▸ Records shown

>>>>

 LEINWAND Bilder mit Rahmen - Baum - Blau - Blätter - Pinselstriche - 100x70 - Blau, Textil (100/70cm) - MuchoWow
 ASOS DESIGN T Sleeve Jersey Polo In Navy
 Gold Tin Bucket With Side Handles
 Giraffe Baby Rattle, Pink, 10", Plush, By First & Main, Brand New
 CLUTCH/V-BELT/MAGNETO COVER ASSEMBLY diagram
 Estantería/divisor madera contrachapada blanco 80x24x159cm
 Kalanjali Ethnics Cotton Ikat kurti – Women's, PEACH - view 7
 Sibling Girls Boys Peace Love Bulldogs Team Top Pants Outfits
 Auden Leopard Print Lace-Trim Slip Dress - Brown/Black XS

<<<<

▸ Task description
Your task is to transcribe the line containing "Estantería/divisor madera contrachapada" and every line after it, through the last line of the data, exactly as written and with nothing more.

▸ Answer area
 Estantería/divisor madera contrachapada blanco 80x24x159cm
 Kalanjali Ethnics Cotton Ikat kurti – Women's, PEACH - view 7
 Sibling Girls Boys Peace Love Bulldogs Team Top Pants Outfits
 Auden Leopard Print Lace-Trim Slip Dress - Brown/Black XS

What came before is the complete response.